Zdążyć przed deweloperami na ulicy Wielickiej 232

Już we wrześniu 2010 roku,na początku uruchomienia tej społecznej strony informowałam o problemie z terenem Gminy Kraków przy ulicy Wielickiej 232, cytuję:[ ] Kto i kiedy skutecznie rozwiąże problem skrawka „ziemi niczyjej” tuż obok wjazdu do Krakowa z autostradowego węzła wielickiego, przy ulicy Wielickiej, na odcinku między ulicami Kaimską a Podłęską? [ ]

  

Tak było we wrześniu 2010 roku, a potem… już tylko gorzej i tak jest do dzisiaj. Sprawa skandalicznie zaniedbanego terenu trwa już dziesięciolecia. To zrujnowana przestrzeń gruntowa z rozpadającymi się dwoma barakami w gestii Zarządu Budynków Komunalnych.

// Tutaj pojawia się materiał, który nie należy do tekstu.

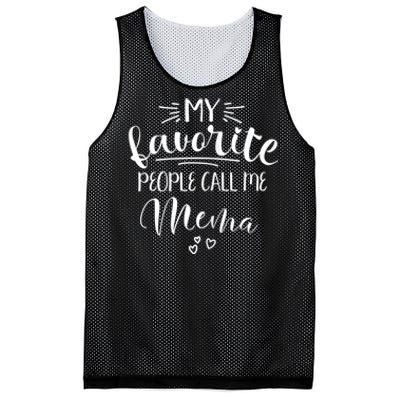 My Favorite People Call Me Mema Mesh Reversible Basketball Jersey Tank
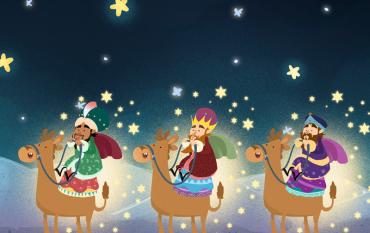 Cuento de los Tres Reyes Magos de Oriente. Leyendas de Navidad para niños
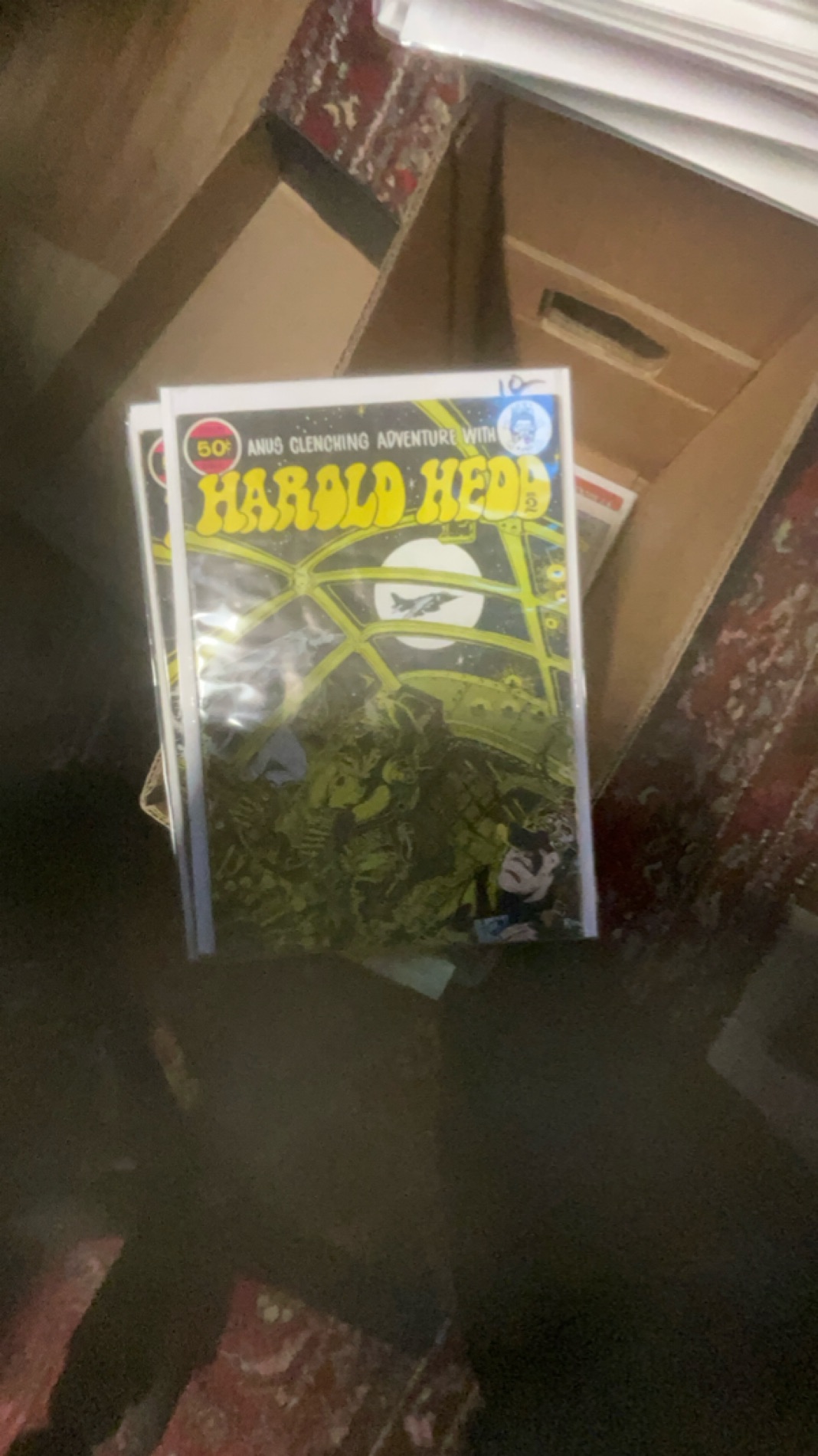 Harold Hedd Comic Book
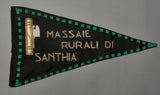 Italian Fascist WWII Massaie Rurali Pennant for Santhia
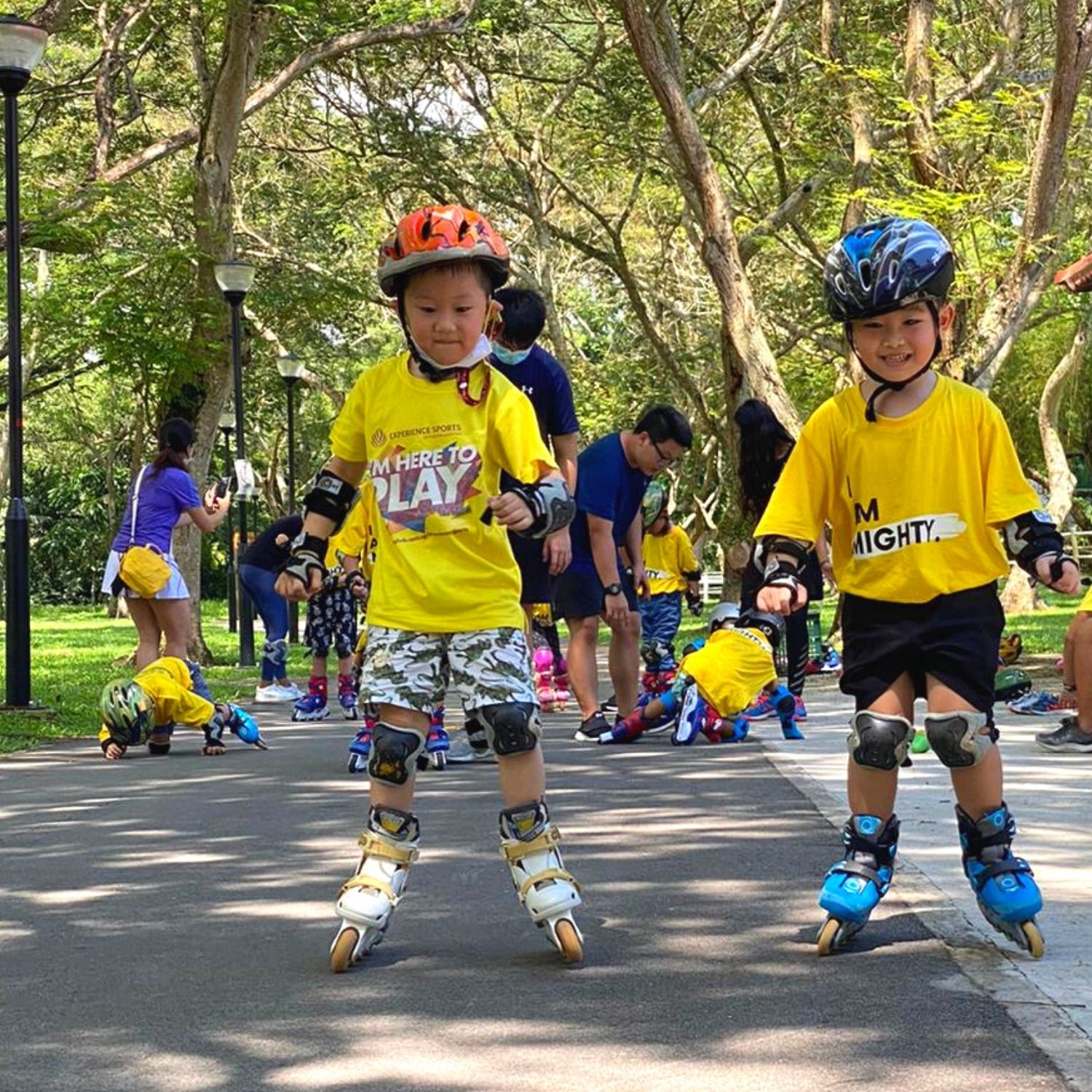 roller blading fun on wheels program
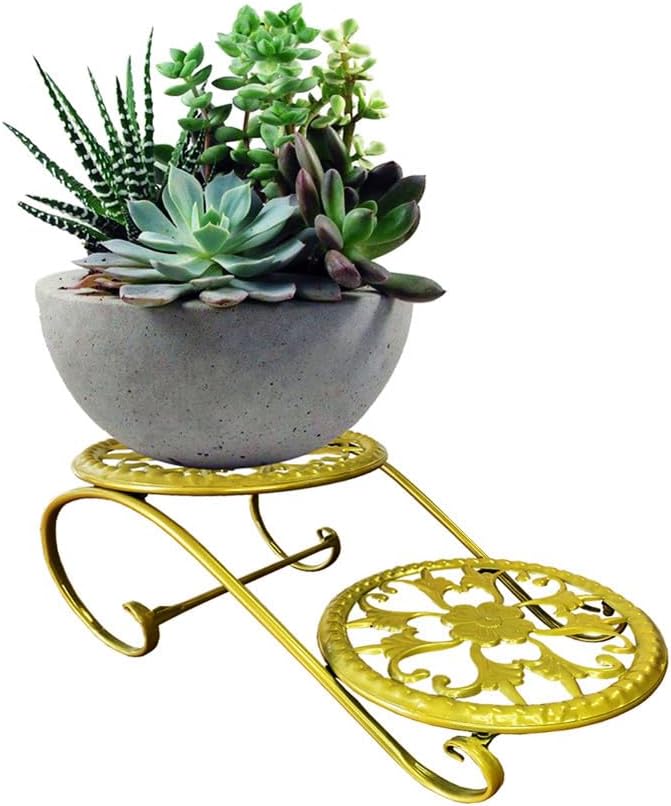 plant stand (Gold, 2 Tier)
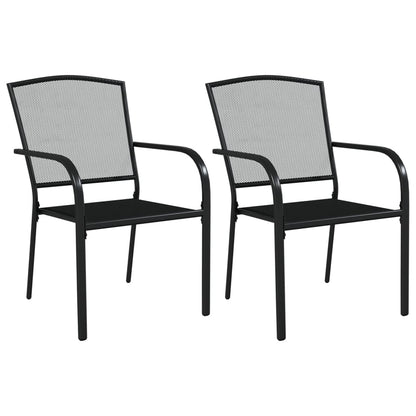 Garden Dining Set | Anthracite | Steel | 3 Piece Set | Stackable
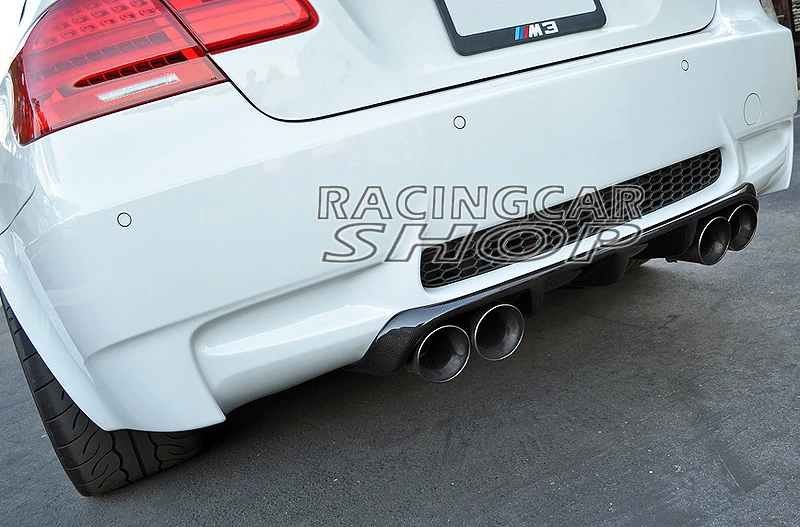 PERFORMANCE V STYLE Real Carbon Fiber REAR BUMPER DIFFUSER FOR BMW 3-Series E92 E93 Coupe M3 Bumper 2007-2012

W 2012 roku, po kilkuletniej przerwie Urząd Miasta ostatecznie przesiedlił z baraku ostatnich mieszkańców i bez skutku usiłuje sprzedać działki deweloperom, choć nikt ich nie chce! Ale petycje z propozycjami mieszkańców Osiedla Podłęska na zagospodarowanie terenu na użytek publiczny złożyły się na bogatą dokumentację odmów z Urzędu Prezydenckiego Miasta Krakowa.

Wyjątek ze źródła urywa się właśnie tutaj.